18-year-old James Rogers is one of the 150 competitors he traveled all the way from Florida to try and punch a ticket to the world championships in Slovakia.
Rogers says, "Me and my dad got into it years back, he was a paratrooper in the army and through that started skydiving and so on and knew that the tunnels were a thing, so we just started going and ever since then it picked up, I really liked it and started competing."
Though it's a unique-looking sport like any other the more you practice the better you get.
"Flying a lot, training the different disciplines, freestyle and dynamic, getting faster, looking cleaner, looking better, learning new tricks etc," says Rogers.
So what are the judges looking for?
"There's two disciplines we have, speed and free. Speed rounds are very fast, we have to fly a very specific pattern and then free, you do a routine and make it look really beautiful, and very complex and artistic moves and stuff like that," says Chief Juge Garet Blodsworth
Skydiving experts say indoor skydiving is the perfect starting point before trying outdoors.
I-Fly Instructor Dave Aretzlaff says, "If I were to start all over again, I would start in this.
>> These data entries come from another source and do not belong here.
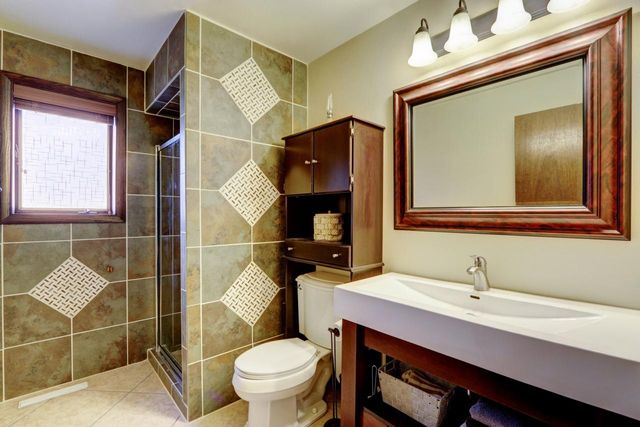 10939 W Coronado COURT, Franklin, WI 53132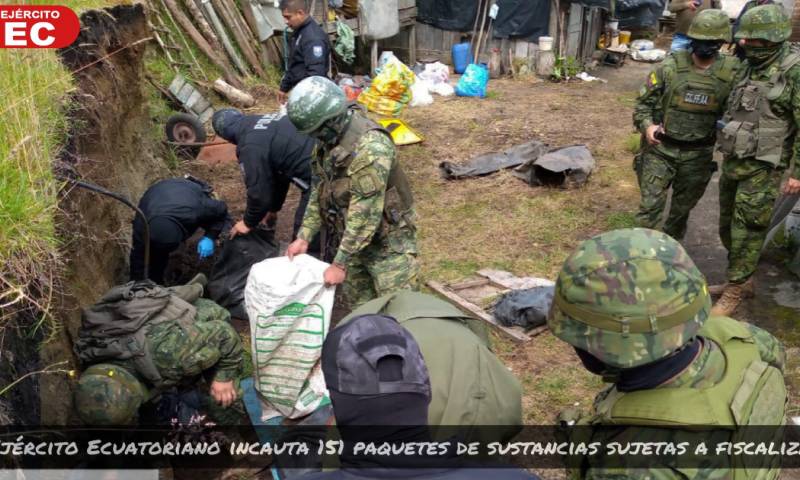 Las operaciones tuvieron lugar en la comunidad de Guananguicho, del municipio de San Pedro de Huaca / Foto: cortesía Ejercito Ecuatoriano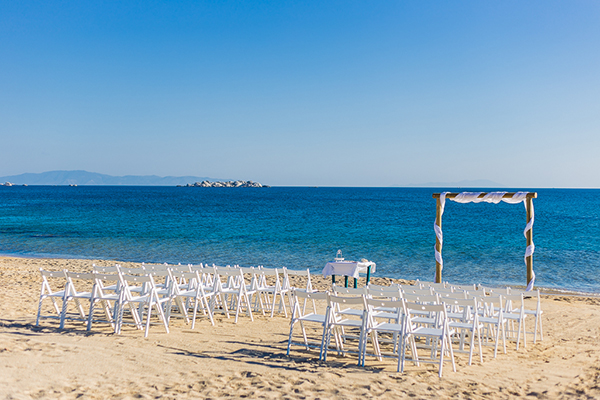 ρομαντικος-γαμος-στην-ναξο-με-θεμα-την-παραλια (7)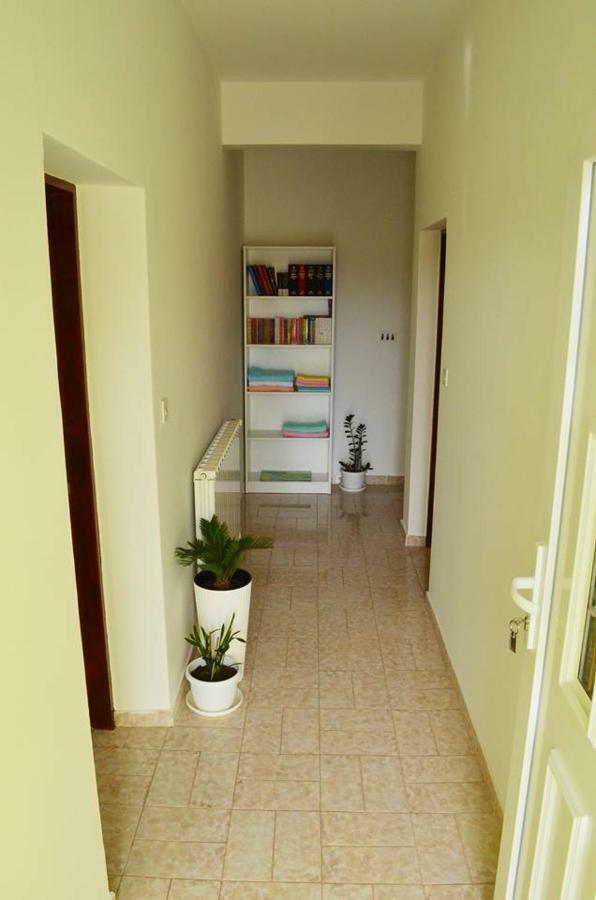 Apartman Rosa Pirovac Ngoại thất bức ảnh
I've got thousands of skydives and that is the best way to learn the balance of what this is, it's kind of like yoga you're learning these new positions with your body and there's a really quantifiable way to get that done in here which is more enjoyable for most folks, myself included."
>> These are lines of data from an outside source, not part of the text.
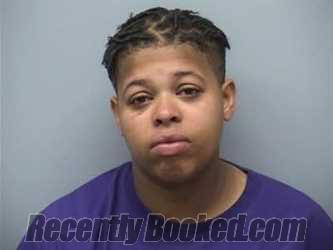 Recent Mugshot Image for DEMETRICE ZHANE MADISON in Roanoke County, Virginia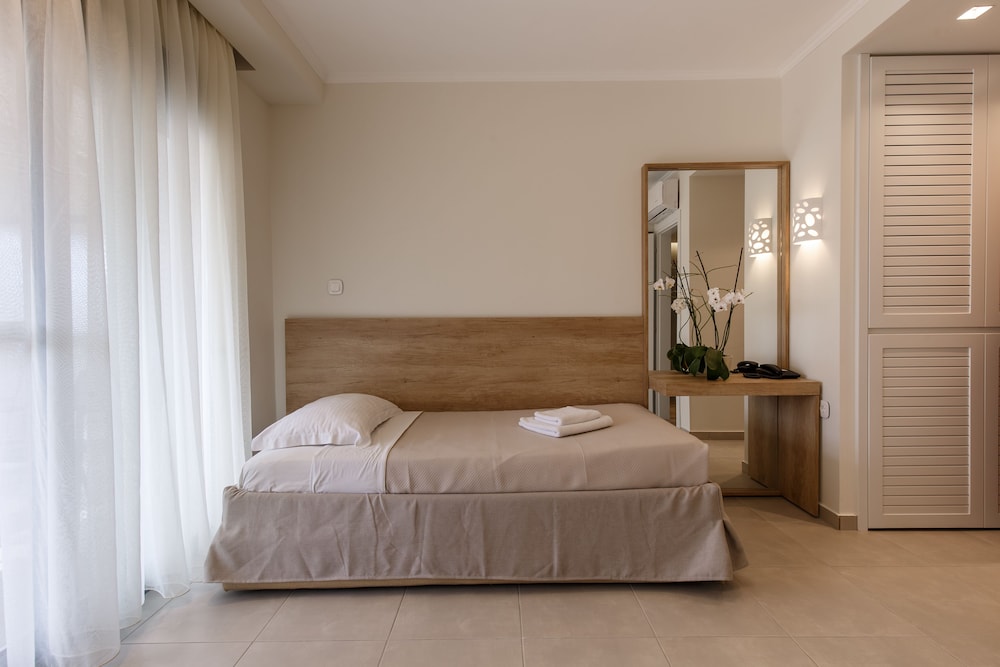 Suite, 2 Bedrooms, Partial Sea View photo 2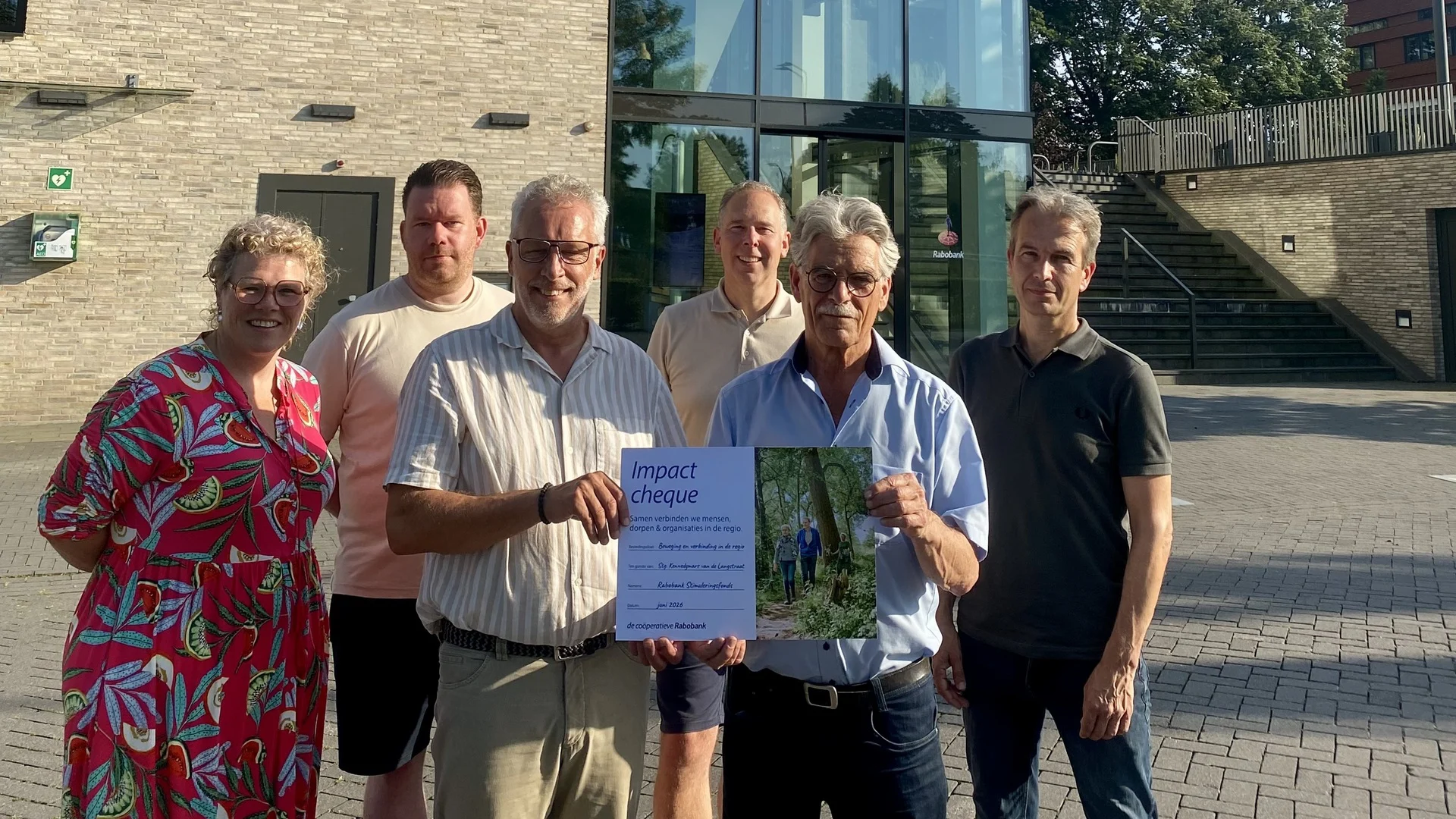 Kennedymars van de Langstraat ontvangt 10.000 euro van Rabobank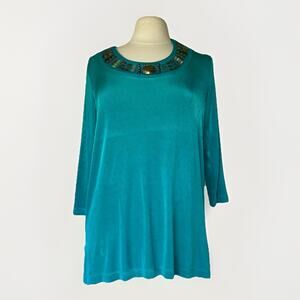 Slinky Brand Women's Top Dramatic Metal/Jewel Neckline Boutique Chic Style Large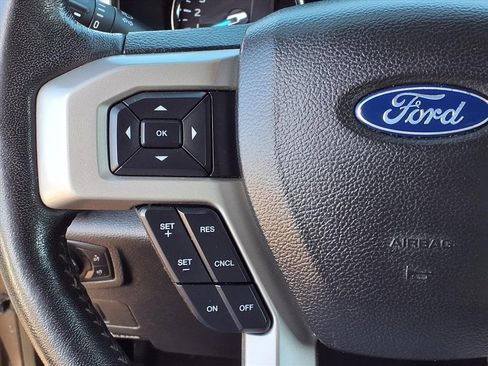 Used 2019 Ford F250 Lariat w/ Lariat Value Package image 34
Air Force Academy "Wings of Blue" benefit from having this wind tunnel in their backyard.
"This is a 14-foot tunnel for us, it's circular, and there's a lot more room we can practice all the maneuvers we would do in a regular skydive in the air in the wind tunnel now, so it's been huge," says Coach Jarrod Aranda
Indoor skydiving has been knocking on the Olympics' door for a while, in fact, it was beaten out by breakdancing in the last Olympics.
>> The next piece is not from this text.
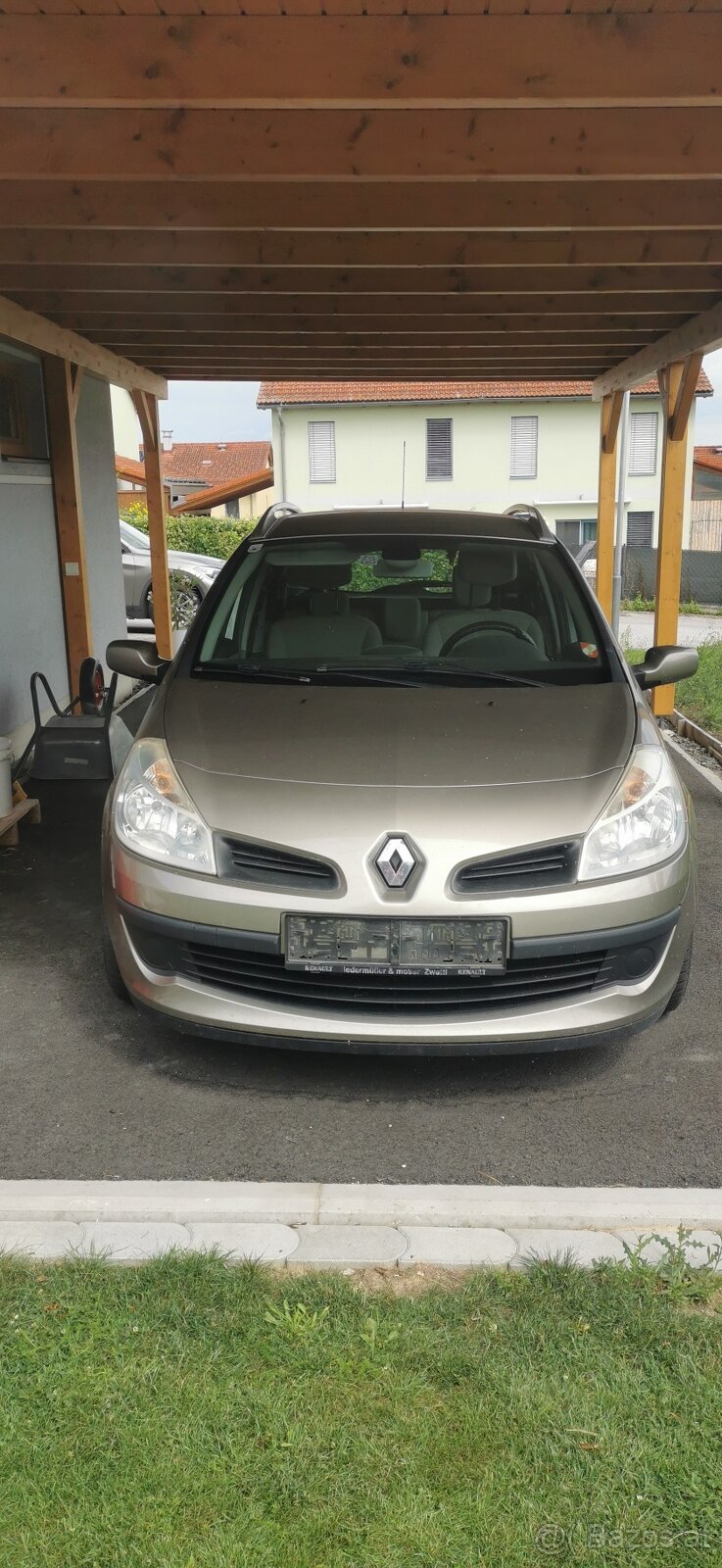 Verkaufe Renault Clio Grandtour leider defekter Turbo.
For it to become a reality Aretzlaff said, "I think people just need to be exposed to it a little bit more. And I think we need to come up with a better business plan if you will like this is why we want to be a part of it and this is how you quantify it."
The experts say they expect indoor skydiving to become an Olympic sport in the next 4 to 8 years as long as its popularity keeps growing. Nations run through Sunday it's free to attend so if this piqued your interest go check it out.